Reduced Iranian influence in Iraq after the death of Qassem Soleimani
According to an analysis by the British newspaper “Telegraph”: “When Mr. Solaimani was killed by a US drone strike during a visit to Baghdad in January, Iran vowed “severe revenge” against the US through its proxy militias in Iraq. The pro-Iranian bloc in Iraq’s parliament also demanded the withdrawal of the 5,000 US and coalition troops in Iraq to help fight Islamic State.
“Nearly six months on, though, the foreign troops are still stationed across Iraq and look set to stay for some time. And apart from a rocket attack on a coalition base in March that killed a British soldier and two Americans, Iran-backed Shia militias have yet to make good their threats to avenge Solaimani’s death in spectacular fashion.
“Moreover, Iraq has just appointed its most pro-Western prime minister in years. Mustafa al-Khadimi was sworn in earlier this month, replacing Adel Abdul Mahdi, who stepped down last November in the wake of huge anti-government protests.

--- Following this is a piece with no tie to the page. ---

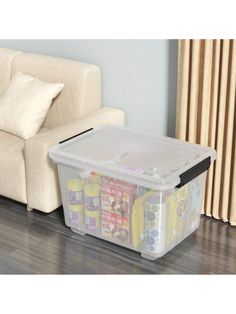 a living room with a white couch and plastic storage containers on the floor next to it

“A crunch point looms in mid-June when the US and Iraq are expected to hold a “strategic dialogue” conference to set out their future relationship. Far from bowing to demands to withdraw all troops, America and the wider coalition is likely to lobby for a continued – albeit smaller – presence to ensure that the Islamic State does not resurge.
“Esmail Ghani, a senior commander in Iran’s Revolutionary Guards, visited Baghdad in late March, in a bid to exercise sway over the choice of the new prime minister. But as a non-Arabic speaker who lacks both Mr. Solaimani’s warrior charisma and personal connections, the reception was lukewarm. Some senior Shia leaders declined to meet him.”
What is clear is that the wall of Iran’s castle of influence and sovereignty in Iraq is cracking, so Iranian officials are right to be fearing for the future. In the past, Iranian authorities constantly claimed they were marching ahead in the region and that their forces were on the frontlines of the West Bank. Not only did it fail to reach that target; it is now losing its main strategic point which is Iraq. This is mainly due to the death of Qassem Soleimani and the Iraqi people’s protests that have been ongoing for several months.